In node classification, all operations are in one single graph. But in tasks like graph classification, we need to deal with many graphs with mini-batch. Datasets for graph classification contains graphs which can be accessed with index, e.x. data[2]. To support mini-batch training/inference, CogDL combines graphs in a batch into one whole graph, where adjacency matrices form sparse block diagnal matrices and others(node features, labels) are concatenated in node dimension. cogdl.data.Dataloader handles the process.

from cogdl.data import DataLoader
from cogdl.datasets import build_dataset_from_name

dataset = build_dataset_from_name("mutag")
>> MUTAGDataset(188)
dataswet[0]
>> Graph(x=[17, 7], y=[1], edge_index=[2, 38])
loader = DataLoader(dataset, batch_size=8)
for batch in loader:
    model(batch)
>> Batch(x=[154, 7], y=[8], batch=[154], edge_index=[2, 338])

batch is an additional attributes that indicate the respective graph the node belongs to. It is mainly used to do global pooling, or called readout to generate graph-level representation. Concretely, batch is a tensor like:

\[batch=[0,..,0, 1,...,1, N-1,...,N-1]\]

The following code snippet shows how to do global pooling to sum over features of nodes in each graph:

def batch_sum_pooling(x, batch):
    batch_size = int(torch.max(batch.cpu())) + 1
    res = torch.zeros(batch_size, x.size(1)).to(x.device)
    out = res.scatter_add_(
        dim=0,
        index=batch.unsqueeze(-1).expand_as(x),
        src=x
       )
    return out

Editing Graphs

Mutation or changes can be applied to edges in some settings.
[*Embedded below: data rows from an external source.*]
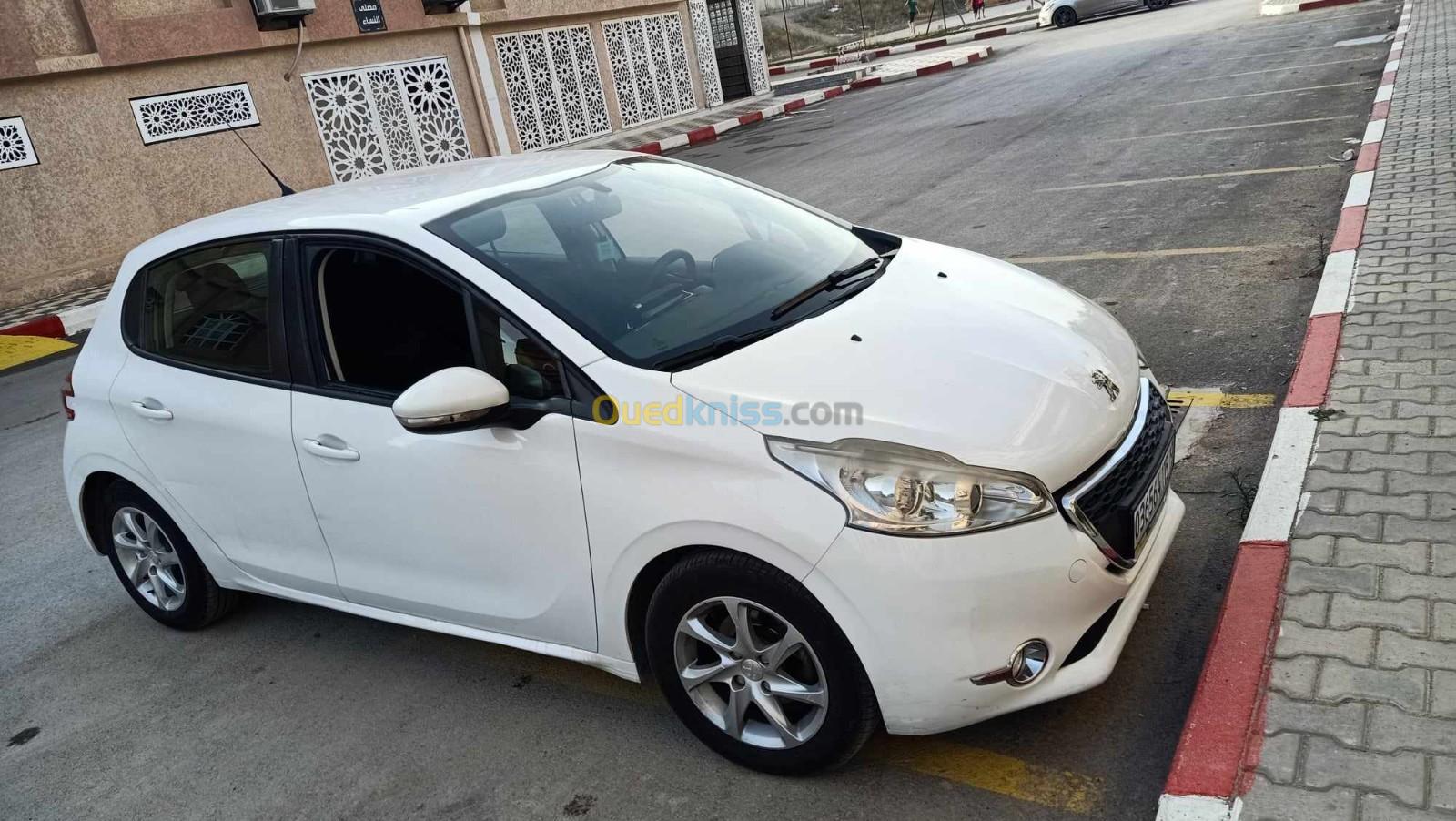 Peugeot 208 2015 Access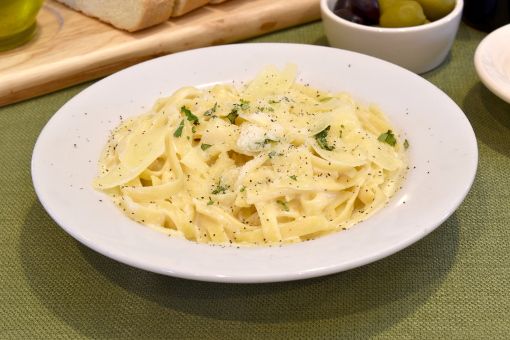 fettuccini alfredo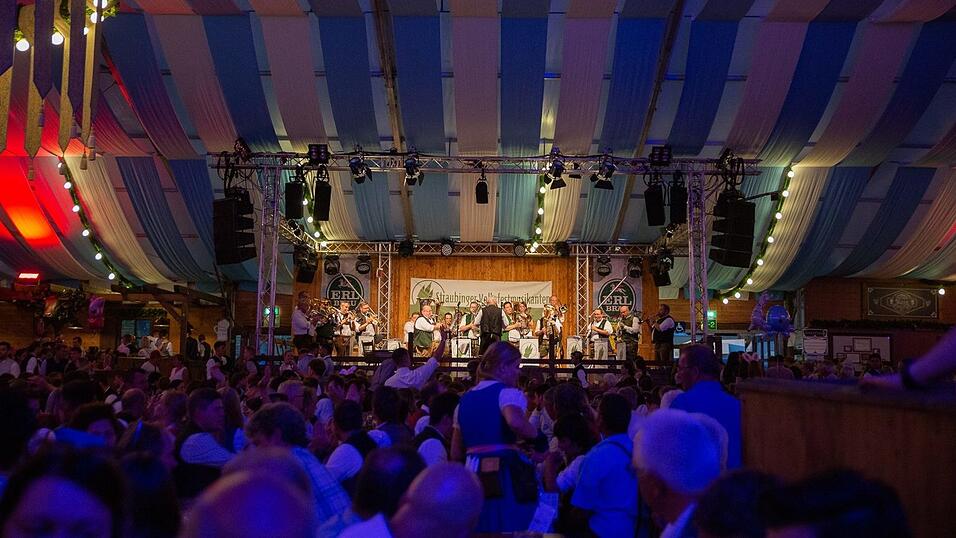Die Partybilder vom Sonntag, 14. August 2022, aus dem Festzelt Wenisch.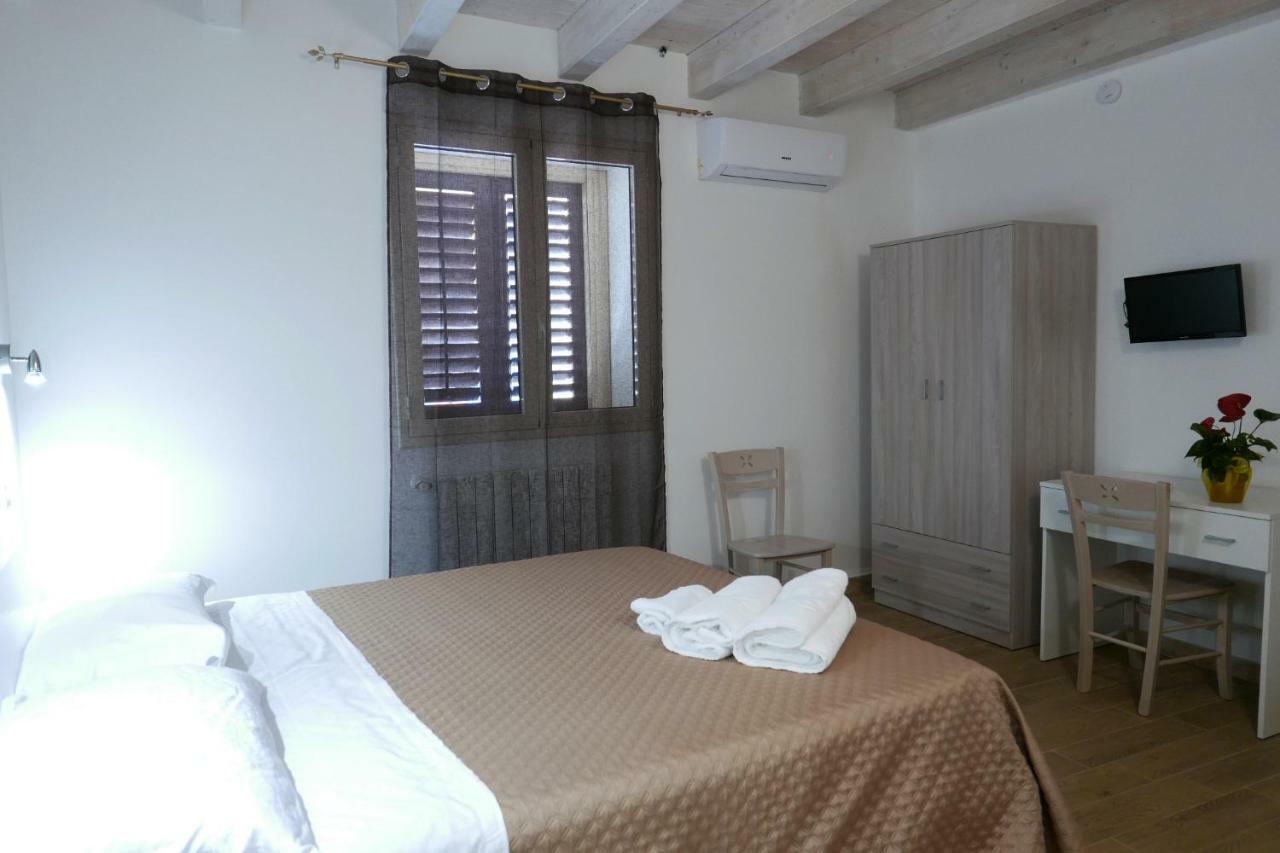 Opera Boutique Rooms Monreale Bagian luar foto
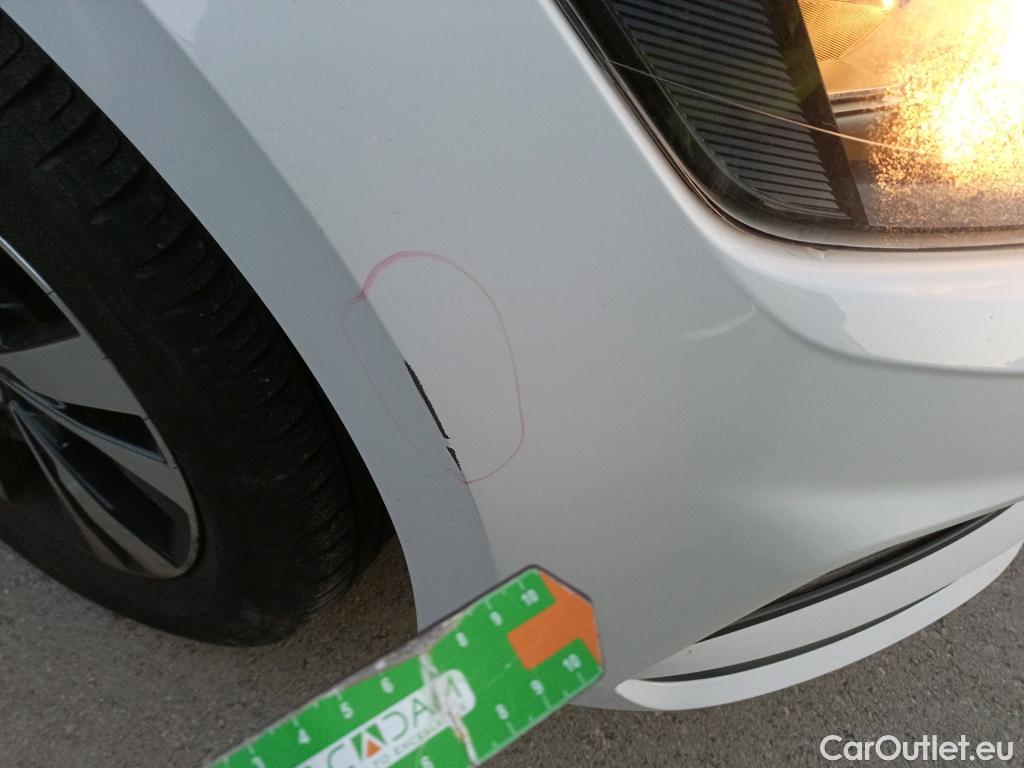  Volkswagen  Polo VOLKSWAGEN  / 2017 / 5P / berlina con portón Advance 1.0 TSI 70kW (95CV) #23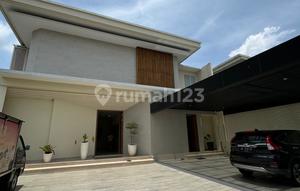 Exclusive Japanese Style House on Jl. Dr Rubini for Only 10 Billion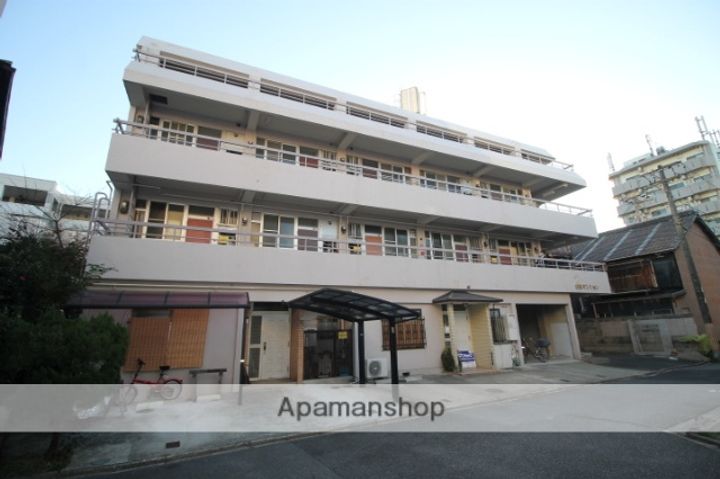 加藤マンションの外観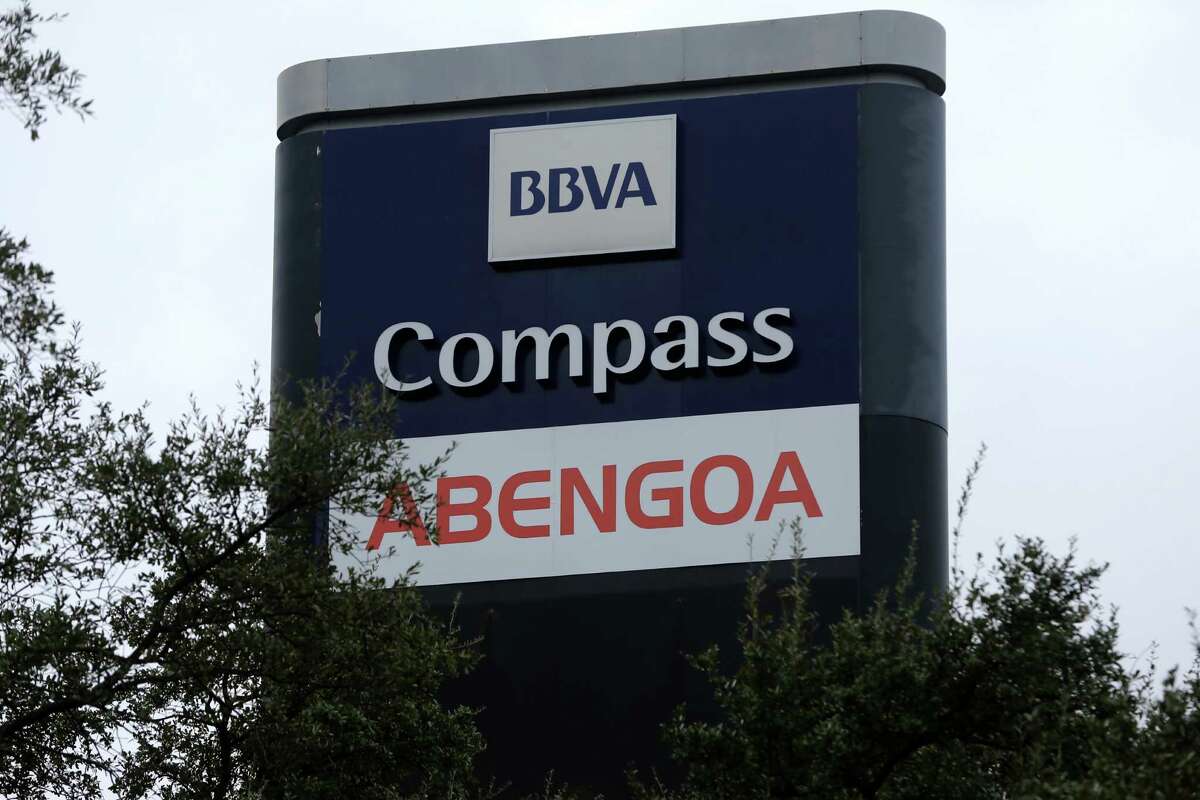 This is the Abengoa sign (third down from top) at 40 Northeast Loop 410 by the Mercantile building. Abengoa is the Spanish multinational company whose subsidiary signed a contract with the San Antonio Water System to build the Vista Ridge pipeline. The company has been experiencing financial difficulties.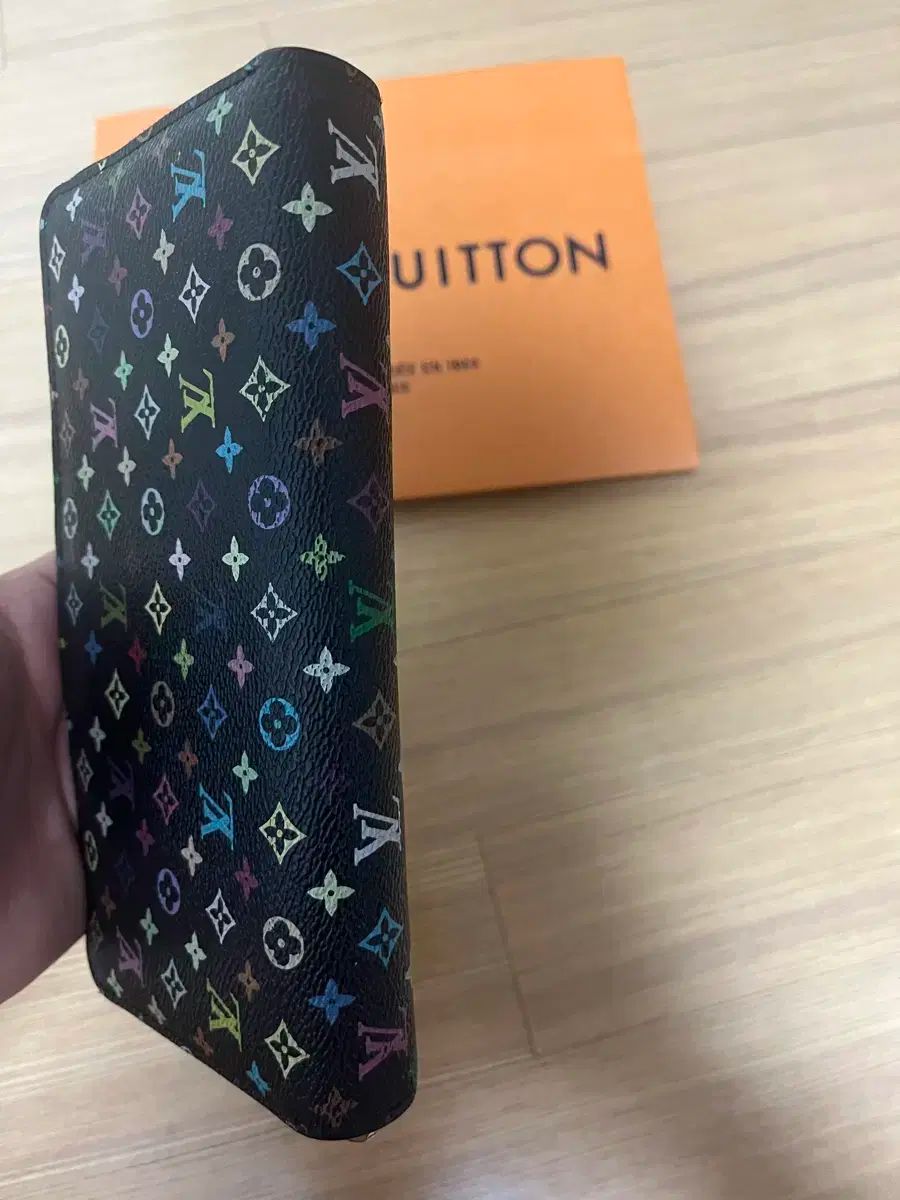 ルイヴィトン最高級美品モノグラム フューシャ ジッピーウォレット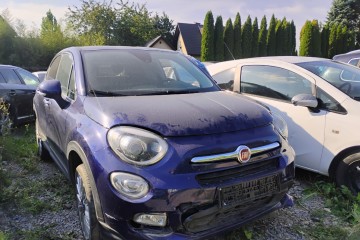 2015r, 1.4 Benzyna. AUTOMAT. Uszkodzony lewy bok.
In such cases, we need to generate a graph for calculation while keep the original graph. CogDL provides graph.local_graph to set up a local scape and any out-of-place operation will not reflect to the original graph. However, in-place operation will affect the original graph.

graph = build_dataset_from_name("cora")[0]
graph.num_edges
>> 10184
with graph.local_graph():
    mask = torch.arange(100)
    row, col = graph.edge_index
    graph.edge_index = (row[mask], col[mask])
    graph.num_edges
    >> 100
graph.num_edges
>> 10184

graph.edge_weight
>> tensor([1.,...,1.])
with graph.local_graph():
    graph.edge_weight += 1
graph.edge_weight
>> tensor([2.,...,2.])

Common benchmarks

CogDL provides a bunch of commonly used datasets for graph tasks like node classification, graph classification and many others. You can access them conveniently shown as follows. Statistics of datasets are on this page .

from cogdl.datasets import build_dataset_from_name, build_dataset
dataset = build_dataset_from_name("cora")
dataset = build_dataset(args) # args.dataet = "cora"

For all datasets for node classification, we use train_mask, val_mask, test_mask to denote train/validation/test split for nodes.